The thrust of the opposition was simple: Telstra, the investors
argued, is only valuable as a vertically-integrated business. As a sop
to Telstra’s competitors, which were unanimous supporters of structural
separation, the government instituted the “accounting separation” regime
which the ACCC has been working to implement for the last year.
Last week’s announcement takes Telstra much further down a path which
it (and Ziggy) had strenuously resisted.

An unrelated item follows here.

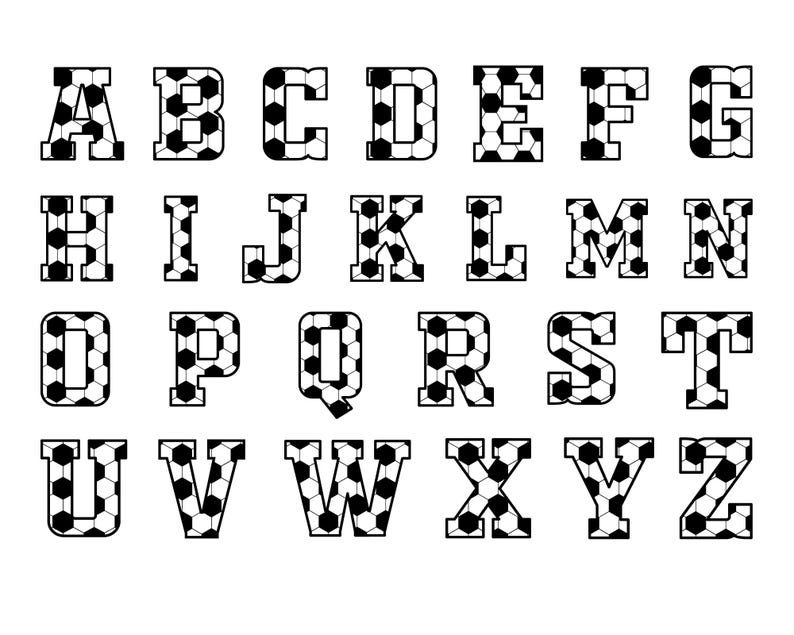 Soccer Alphabet SVG Bundle, Varsity Font Letters & Numbers, Soccer Mom ...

It’s a “best of both worlds”
approach that goes further than accounting separation, without
sacrificing Telstra’s capacity to act as an integrated carrier.
Exit the ACCC (As If!)
Telstra’s fervent hope is that the move will appease the ACCC – and
that might give us some idea of how the carrier plans to approach the
job of “drum beating” in the lead-up to the sale.
I predict its most immediate strategy will be to explain to investors
that the more Telstra is able to satisfy the ACCC, the more its share
price will rise. This message will be put in a simple, but relentless,
media placement strategy to the doyens of the dailies.
That also goes part of the way to explaining why the share price had
to be personalised to Ziggy: the thorny relationship between Telstra and
the ACCC can now be sheeted home to a departing CEO.
The wink-and-nod of the private briefings will be that the
wholesale-retail split was impossible to implement sooner, because it
was resisted by the soon-to-be former CEO – an explanation which is
probably true, but incomplete.
The other side of the wholesale-retail split goes back to the ACCC.
It’s spent a year on the job of implementing the accounting separation
regime, and last September it issued a new – and much more detailed –
set of record keeping rules for the separation process.
You can bet that the RKRs were the subject of much board debate, and
I’ll bet that once the RKRs were fully understood, the board decided
that the now-approved split was the easiest road to compliance.
The same restructure will, if the weekend reports were accurate, also
create a media group which is to inherit the “sick man of Telstra” –
the 50% stake in the loss-making Foxtel which commits the carrier to an
ongoing subsidy of the pay-TV business.
Telstra’s never going to sell Foxtel, because to do so would create a
ready-made competitor with last-mile access; and as anyone who’s read
an Optus annual report can tell you, the best way to sell a pay-TV
network is to have it carry phone calls as well.
If Foxtel is to stay with Telstra, then the media division will stay
with Telstra. But if those assets are rolled up into a separate
division, the carrier can probably convince the markets (and the ACCC)
that a separate float is possible.
It’s a scenario which fits with the wholesale-retail split: give the
appearance of division, without having to put the integrated business at
risk.
I don’t think the ACCC will be fooled. And I hope the public isn’t fooled either.